Certes Big Pharma va venir bientôt à la rescousse avec ses cartouches à 50 euros et ses jolis packaging scientifiquement prouvés, mais personne n’en veut. La cigarette électronique est un produit communautaire, la cigarette électronique est un produit libre et doit le rester.
La situation en France est très bien comme elle est, les sociétés de production de e-liquide sur le territoire sont des plus sérieuses, l’étiquetage est un des meilleurs que je connaisse en comparaison aux autres sociétés internationales, le support client est plus que correct, l’organisation et l’autorégulation des vendeurs est en marche, la communauté de vapoteurs est de plus en plus dense et influente, enfin les taux de nicotine autorisés sont en accord parfait avec les besoin du fumeur (20mg/ml).
Auriez vous acheté à ce “dealer” du e-liquide goût chocolat ou saveur
bonbon que la transaction n’en aurait été que plus insolite…

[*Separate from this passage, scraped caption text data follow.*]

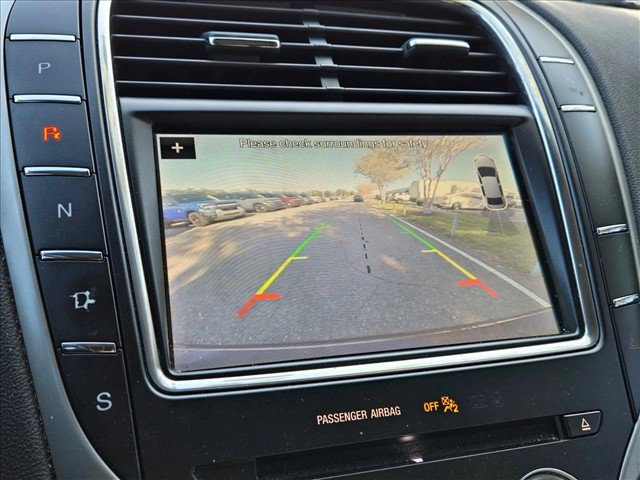 Used 2019 Lincoln Nautilus Select w/ Class II Trailer Tow Package FWD image 13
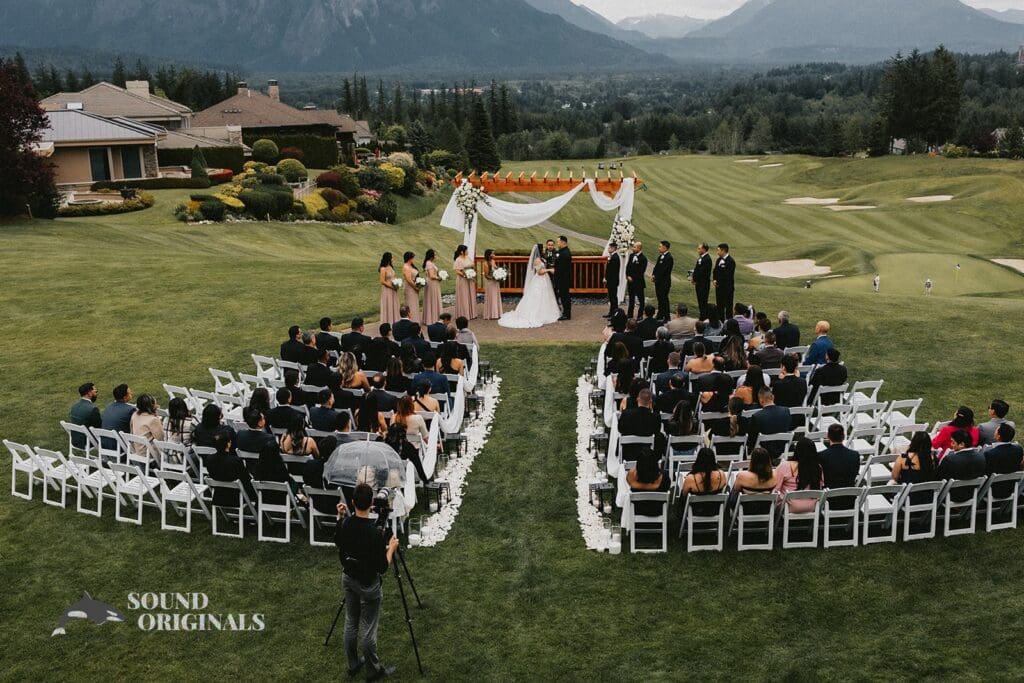 Shari + Jonathan The Club at Snoqualmie Ridge Wedding // Shari + Jonathan -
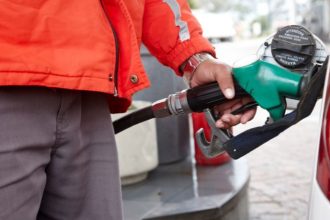 Energia solar transforma CO2 em combustível: a tecnologia que pode revolucionar a gasolina sustentável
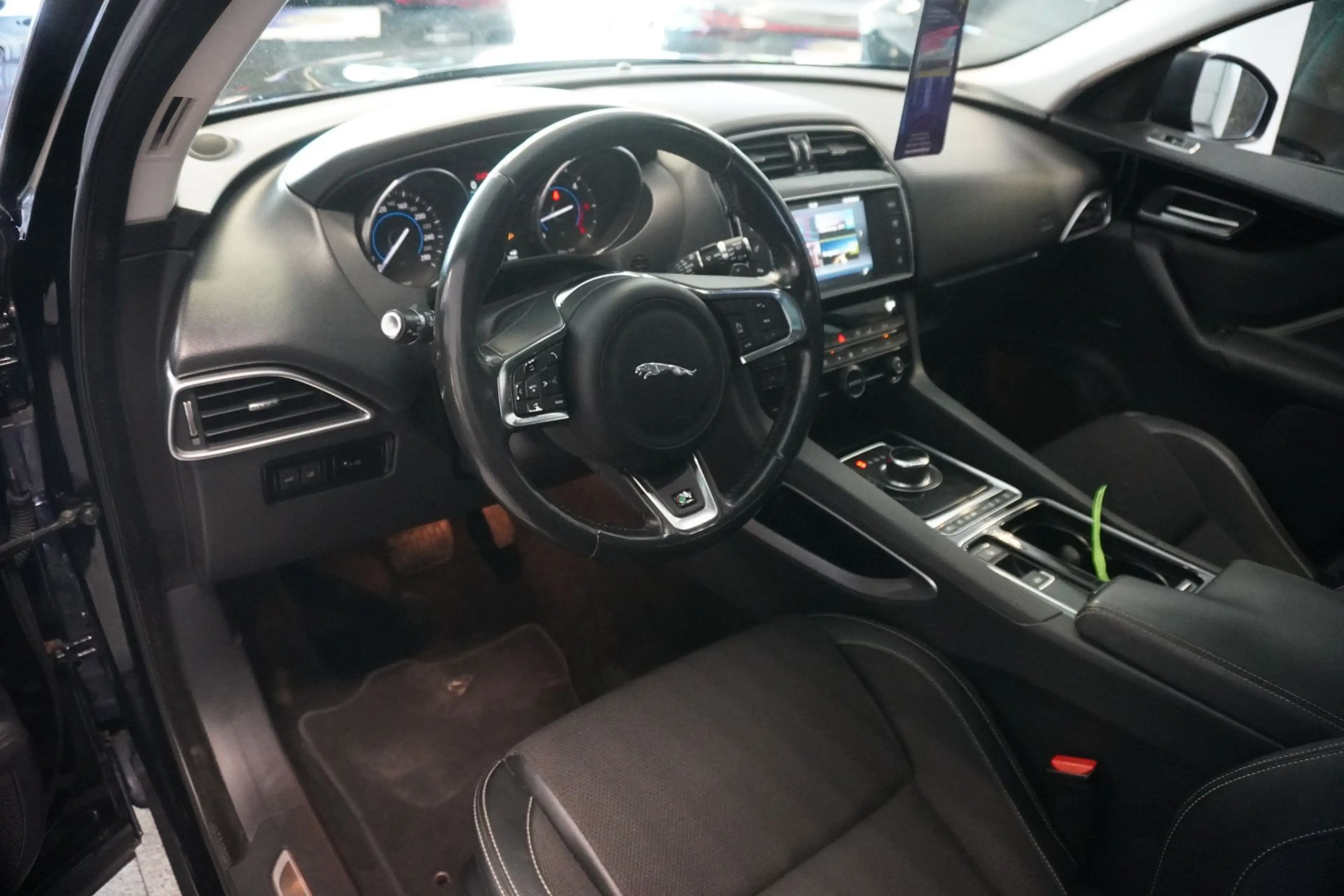 Jaguar F-Pace 30d R-Dynamic AWD Aut. AHV/Kamera — photo 7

Incroyable. On peut certes imaginer de semblables aventures à l’avenir
dans nos chères contrées. Et je suis bien d’accord avec vous, sans
paranoïa excessive, qu’un futur et probable marché noir contiendrait un
risque sanitaire bien réel. Je mise sur le fait (avec naïveté peut-être)

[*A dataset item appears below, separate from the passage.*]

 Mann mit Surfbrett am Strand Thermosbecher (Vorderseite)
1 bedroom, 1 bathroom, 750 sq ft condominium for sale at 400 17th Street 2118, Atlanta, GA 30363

que le nombre grandissant de vapoteurs puisse faire pression sur les
décisions de législation européenne.
Ce site est l’un des
meilleurs concernant la cigarette électronique. Le fond,
toujours rigoureux, marié au ton, souvent léger, est un vrai plaisir de
lecture.
Cordialement.
Bonsoir Kobus, non j’ai pris deux goûts tabac mais je suis bien d’accord avec vous, la situation est complètement absurde, j’espère comme vous que la population que nous sommes saura faire la différence. Merci beaucoup pour vos compliments en tous cas, ils me vont droit au coeur.
Juste un mot: un GRAND bravo “ma-cigarette” (mais c’est QUOI TON PRÉNOM BORDEL ?!) pour ce reportage digne d’un journaliste d’investigation !
Sérieusement, j’ai bu ton article et tes analyses ! 🙂
Merci Yotraxx, mon prénom c’est Ghyslain.
YOOOOOO Ghyslain !! ENFIN un prénom (j’en avais marre de t’appeler “ma-cigarette” ^^)
J’avais commencé ce blog en étant salarié, d’où l’anonymat. Maintenant je bosse en freelance, je suis donc un peu plus détendu.
Alors là, Ghyslain, j’hallucine et tu as raison, si l’UE persiste dans la voix qu’elle a pris, c’est elle même qui va ouvrir les portes du marché noir et tutti quanti. L’UE veux couper l’herbe sous le pied de BigTabaco, mais ne se rend pas compte de ce qu’elle va créer en contre partie.